18 new cases were reported in the region today: 9 each in New Brunswick and Nova Scotia.
17/18 were traced at the time of reporting.
There are now 195 known, active cases in Atlantic Canada.
PEI didn't update their numbers today, leaving them with 13 known, active cases.
NL likewise didn't update their numbers today due to the holiday.
There are 4 known, active cases in NL.
NB reported 9 new cases, all in the Edmundston region.
Of these, 8 were close contacts of existing cases and 1 is still under investigation.
There are now 147 known, active cases in NB.
Updated case levels/restrictions map, and health region level timeline for NB with Edmundston emphasized.
Things continuing to improve (gradually!) in the Edmundston region. Fingers crossed.
NS reported 9 new cases today: 5 in the Western zone and 4 in the Halifax area.

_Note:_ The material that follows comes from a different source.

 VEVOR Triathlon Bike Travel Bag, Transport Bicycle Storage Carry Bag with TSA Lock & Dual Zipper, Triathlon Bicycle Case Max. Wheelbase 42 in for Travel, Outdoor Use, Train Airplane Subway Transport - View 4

All were related to travel.
The 5 in the Western zone appear to be a group of international travelers entering together, explaining the uptick.
There are now 31 known, active cases in NS.
Here is the updated pandemic timeline for the Atlantic region and surrounding areas.
That one group of travelers today was enough to (barely) tick the NS Western zone to being visible on the map.
That 0.5 per 100k pop cutoff is unforgiving.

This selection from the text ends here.